Listed entries
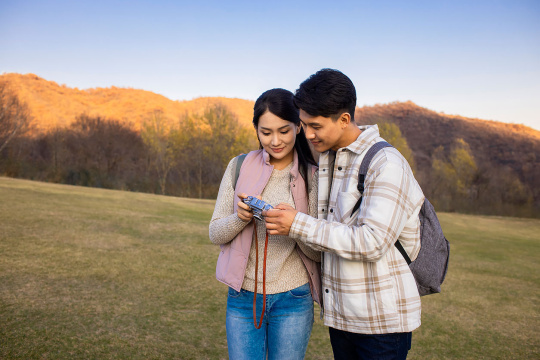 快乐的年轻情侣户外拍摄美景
...
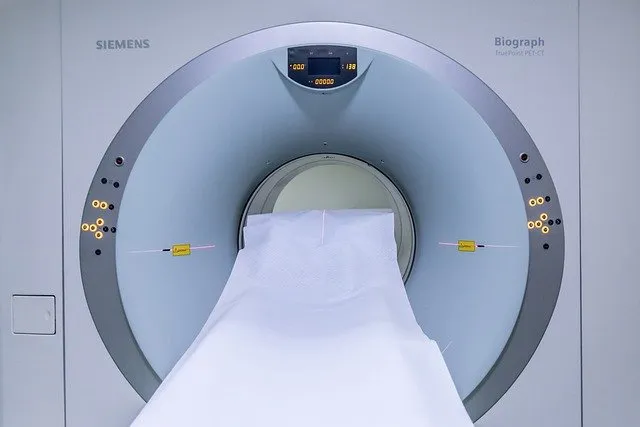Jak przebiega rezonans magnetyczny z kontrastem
...
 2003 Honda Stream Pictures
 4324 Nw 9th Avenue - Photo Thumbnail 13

Task details
Whatever else the listing above holds, retype exactly only the lines from the one containing "2003 Honda Stream Pictures" to the one containing "4324 Nw 9th Avenue - Photo Thumbnail 13", both ends kept.

Result of this task
 2003 Honda Stream Pictures
 4324 Nw 9th Avenue - Photo Thumbnail 13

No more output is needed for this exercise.